**Goal of the exercise**
The line containing "Philippines Eagle Sun", and every line after it to the end of the listing, should be repeated exactly; the pictures should not.

**Data for processing**

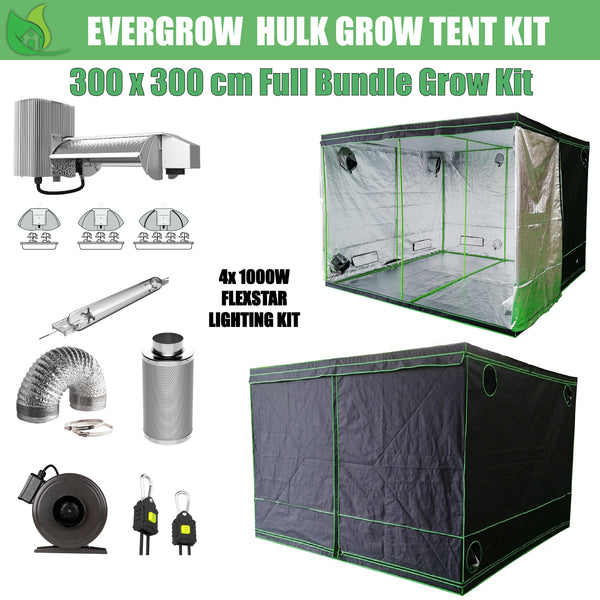 EverGrow Hulk Series 3x3m Quad Flexstar 1000W HPS/MH Hydroponic Grow Tent Full Bundle Kit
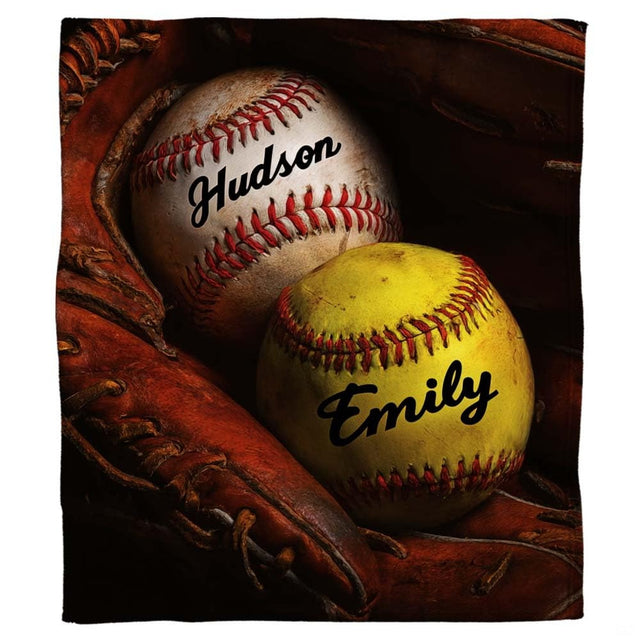 Baseball and softball glove sibling sports blanket with baseball and softball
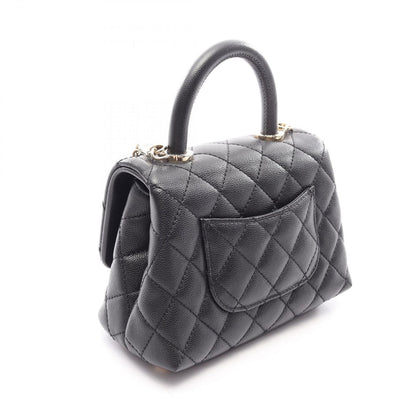 Chanel Handbag Coco Handle Xxs Top 2-Way Black Caviar Leather Quilted Chain — view 2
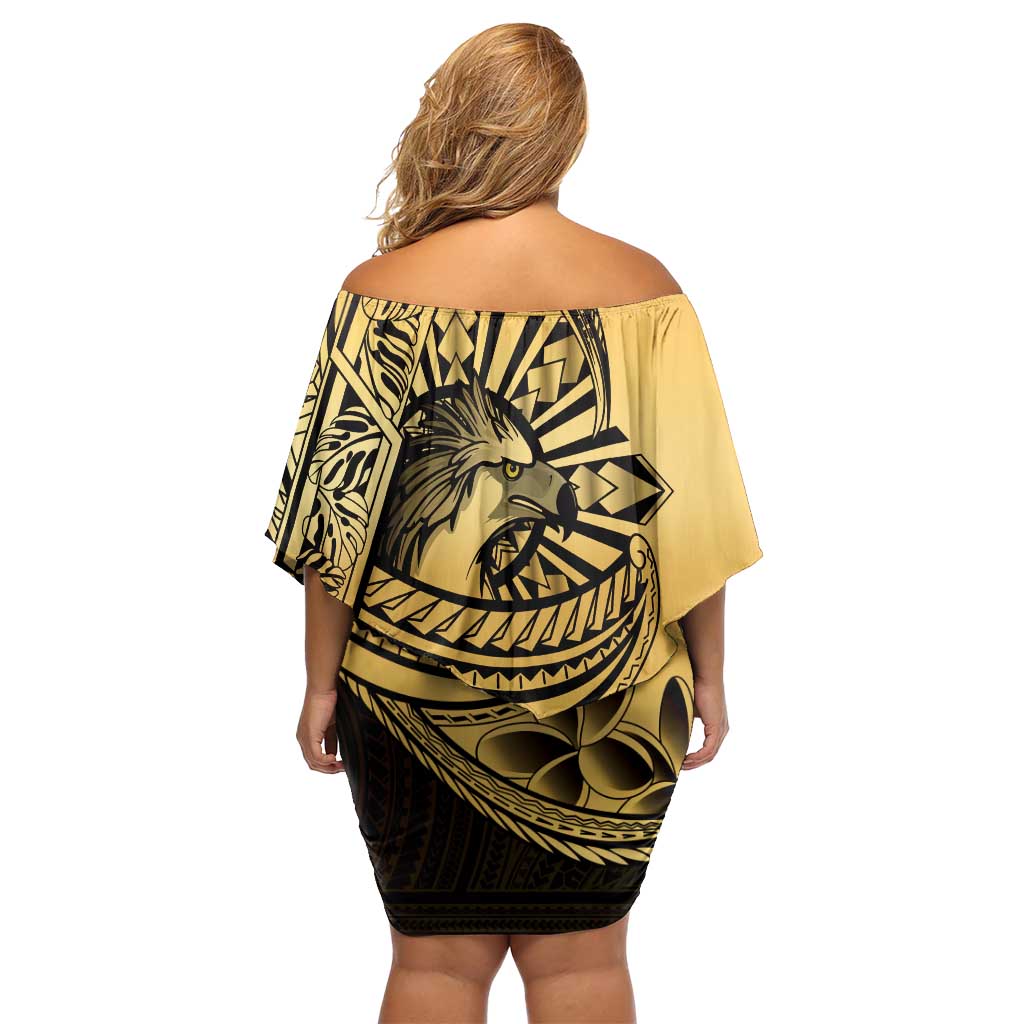 Philippines Eagle Sun Off Shoulder Short Dress Filipino Agila Polynesian Tattoo Gold Color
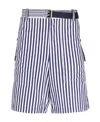 Sacai Vertical-stripe Print Cotton Shorts In White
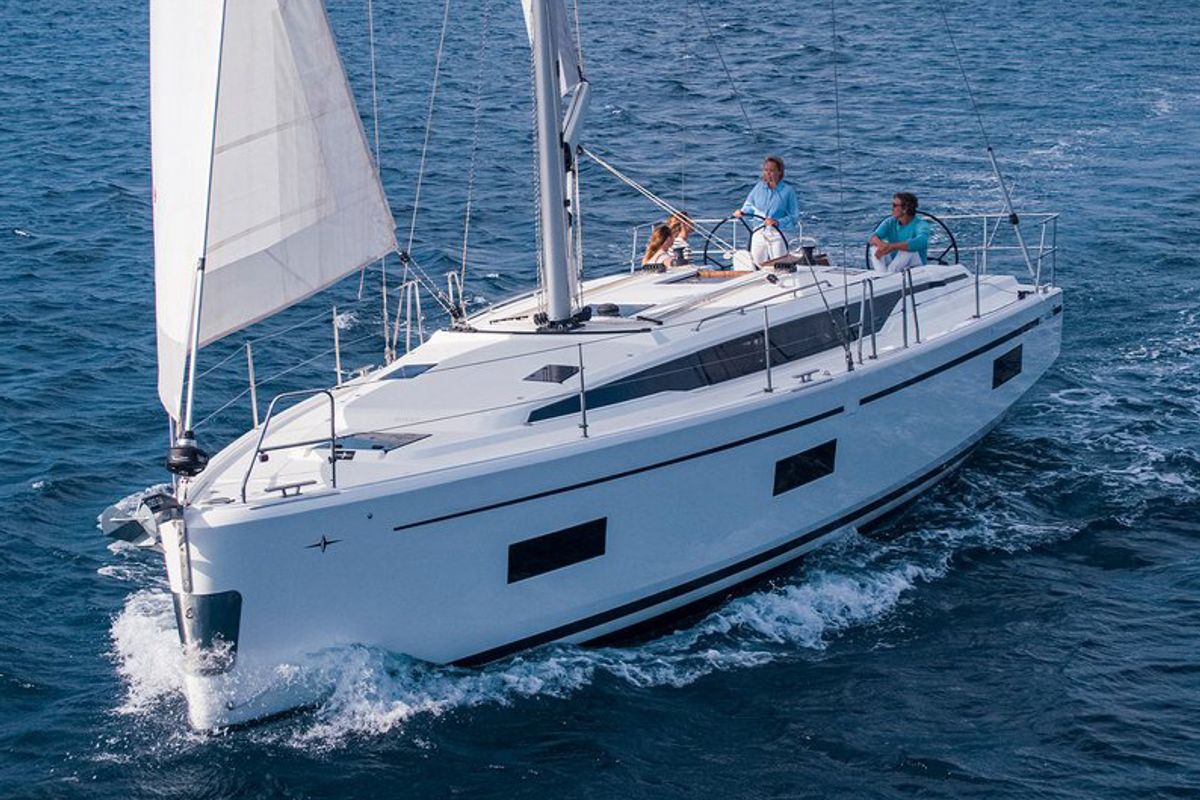 Exterior view of Valesia, a Bavaria C42 sailboat at Athens, Greece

**Reply**
 Philippines Eagle Sun Off Shoulder Short Dress Filipino Agila Polynesian Tattoo Gold Color
 Sacai Vertical-stripe Print Cotton Shorts In White
 Exterior view of Valesia, a Bavaria C42 sailboat at Athens, Greece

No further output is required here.